Books authored by Dr. James Dyet. Purchase on JamesDyet.com

Tuesday, May 4, 2010

Garage Sale!

I guess you can find a good bargain at a garage sale. I found a good wheelbarrow at a neighbor’s garage sale. He even inflated the front tire for me. Most of the time, though, I walk away from a garage sale wondering why the stuff for sale wasn’t trashed. After all, who wants a size-10 combat boot paired with a size 12? Why buy a rusty grill that can’t stand straight and is full of holes? What does anyone want with an 8-track player? And what good is a rake that’s missing a dozen teeth?

Strange, isn’t it the value some people attach to junk?

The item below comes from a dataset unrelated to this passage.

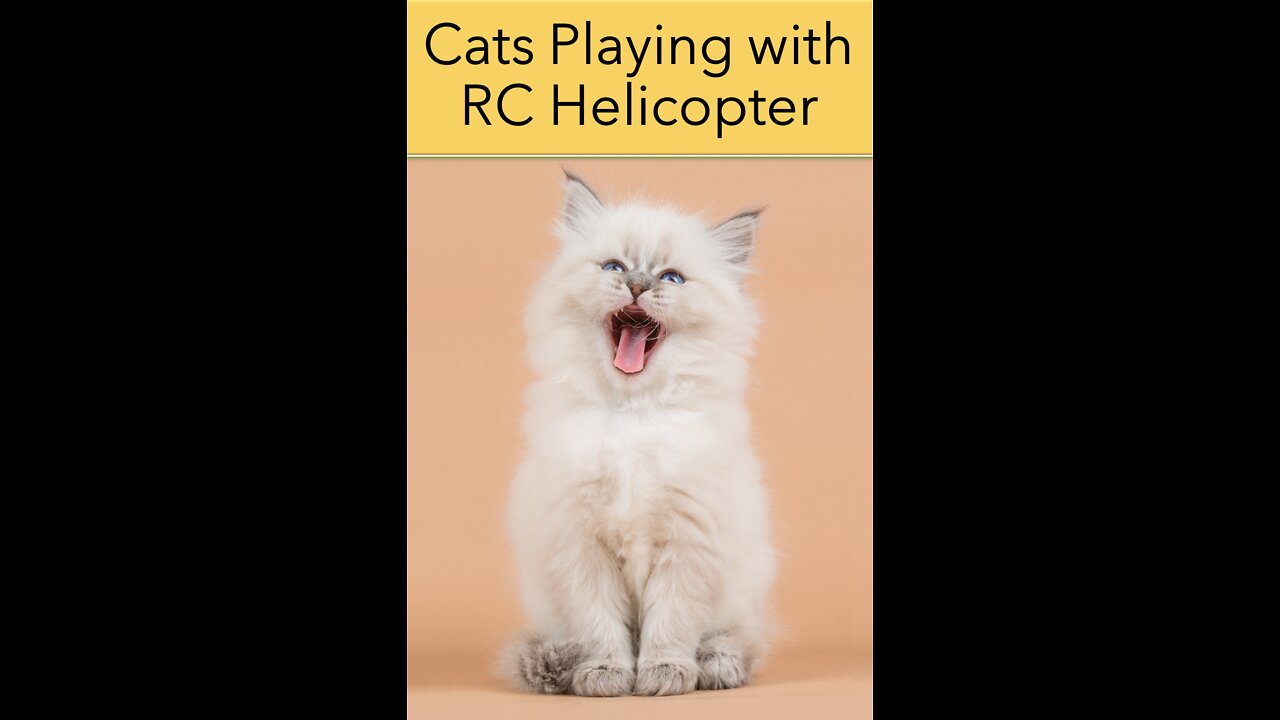 Cute Cats Playing with RC helicopter watch what happens next!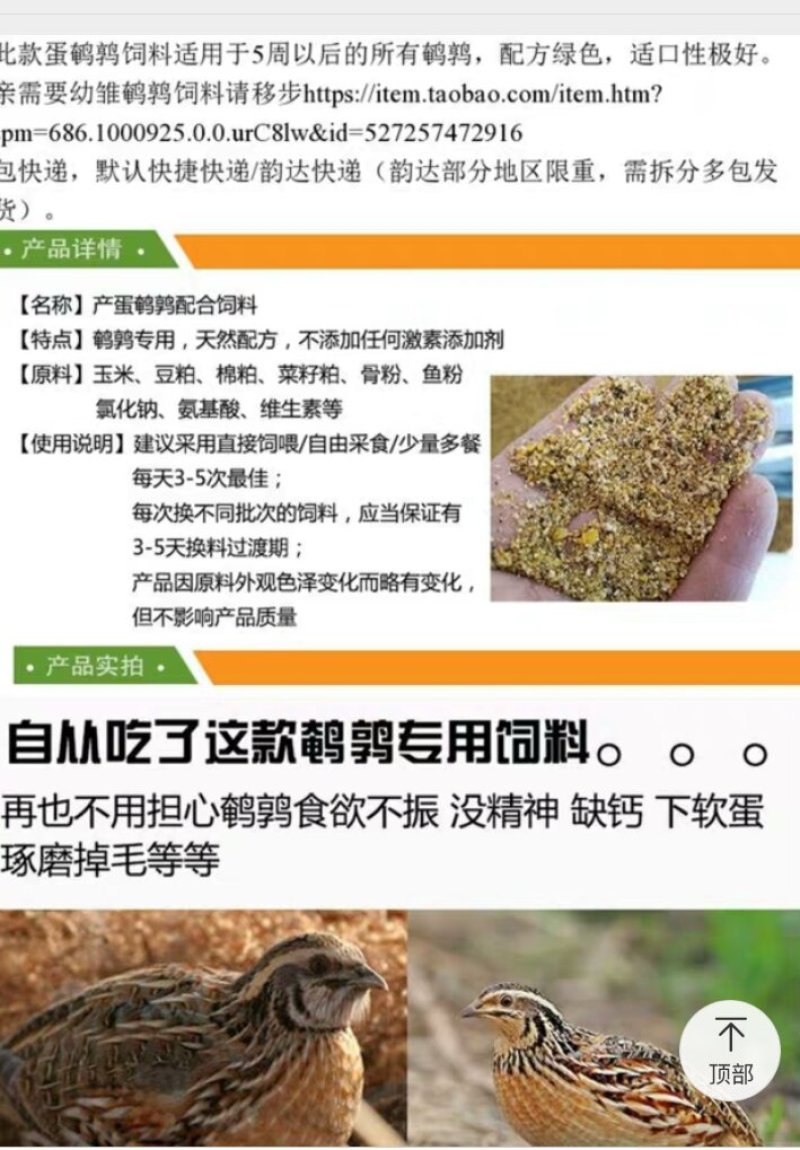 补充营养，鹌鹑吃了会下蛋的饲料！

Before becoming a believer, the apostle Paul (Saul of Tarsus at the time) valued religious junk highly. He thought God did too. He was proud of his religious pedigree, seminary training, and devotion to religious works and ceremonies. But one day he saw how worthless his religious “treasures” were, so he walked away from them and embraced the Cross. He put his trust in Jesus for salvation. He wrote: “I count them [his religious credentials and efforts] as rubbish, that I may gain Christ” (Phil. 3:8).

Martin Luther understood Paul’s value system. He said, “Man only needs Jesus Christ.” Like Paul, Luther stopped trusting his religious affiliation and efforts to save him and, instead, trusted in the sufficiency of Jesus’ sacrifice at Calvary.

Ephesians 2:8 and 9 teach that God saves us by grace not works. Religious deeds fit the sinner’s need about as well as a mismatched pair of combat boots fit his feet.